B.C.’s Minister of Finance says she’s looking at better consumer protection in the future when it comes to purchasing a home in the province.
“It’s one of the things we are looking at. I also have concerns about people buying a home without doing any inspections whatsoever and the due diligence that needs to go into making such a significant purchase,” B.C. Finance Minister Selina Robinson told Global News.
In an interview with Consumer Matters, Robinson says when it comes to home buying and making legislative changes the province is addressing a number of issues. “That is the blind bidding. That’s looking at home inspections, looking at cooling-off periods. All of these things go into making a good sound decision that I think is reasonable and when we don’t have a heated market we have the opportunity to do all of the above,” Robinson said.
Questionable practices like subject-free offers and blind bidding have left many prospective buyers feeling powerless.
Recently, Kamloops resident Blaine Thompson experienced blind bidding when he made an offer on a home – a practice where homebuyers are kept in the dark of other competing offers. “It’s like playing roulette with people’s lives,” Thompson said. “It’s completely disheartening because you are throwing a random amount of money which often it can be an entire year’s salary thrown out there.”
Thompson says he would like to see greater transparency.
“I would be quite happy if they had a system where the bidding was still open. The bidders themselves were anonymous, but the prices are listed,” said Thompson.
Andy Yan, director of Simon Fraser University’s City program says he’s concerned about the level of risk when engaging in practices like blind bidding, especially for young families.
“I think what bothers me about this practice is that what perhaps is the biggest purchase in the lives of most Canadians, you have more protections buying something on eBay than you have making this type of purchase,” Yan said.

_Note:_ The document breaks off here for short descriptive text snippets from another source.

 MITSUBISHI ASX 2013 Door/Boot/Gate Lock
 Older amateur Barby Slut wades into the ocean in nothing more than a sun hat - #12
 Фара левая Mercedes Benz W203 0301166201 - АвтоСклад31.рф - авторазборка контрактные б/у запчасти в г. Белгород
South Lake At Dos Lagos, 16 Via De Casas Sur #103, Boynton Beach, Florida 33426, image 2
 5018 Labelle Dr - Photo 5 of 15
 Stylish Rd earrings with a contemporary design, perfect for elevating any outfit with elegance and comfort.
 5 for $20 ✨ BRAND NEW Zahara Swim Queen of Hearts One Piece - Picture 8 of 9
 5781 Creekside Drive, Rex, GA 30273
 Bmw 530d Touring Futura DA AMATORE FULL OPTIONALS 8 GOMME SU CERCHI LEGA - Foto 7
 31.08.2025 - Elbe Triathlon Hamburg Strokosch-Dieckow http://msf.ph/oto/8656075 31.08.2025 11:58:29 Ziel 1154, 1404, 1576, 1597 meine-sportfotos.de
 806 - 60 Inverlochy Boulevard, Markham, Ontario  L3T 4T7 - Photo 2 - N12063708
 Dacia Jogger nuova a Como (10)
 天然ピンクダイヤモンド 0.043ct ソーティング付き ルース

Yan added the public needs to call for a level of accountability from the government to provide better protection for consumers. “If the existing leaders don’t have the political will then it’s a demand for new leadership or for leaders who do have the political will,” he said.
Vancouver realtor Steve Saretsky says there’s no easy fix to tackling practices like blind bidding. He says looking at a mandatory system similar to Ontario where the number of competing bids are disclosed may be an option.
“So it says Joe from Remax has submitted an offer and Steve from Sutton has submitted an offer and everyone can verify two offers have been registered. Now, you may not get the price or the terms, fair enough, but at least you can verify there are at least two offers on the property,” Saretsky explained.
Consumer Matters asked Robinson if there was a timeline for bringing in more consumer protection.
“If we can move quickly we will. Some things that may be more stringent will take longer,” she said. “We are looking at all things because at the end of the day what we want is the consumer to have the space and the time and the knowledge to make a well-informed decision and to not get caught.”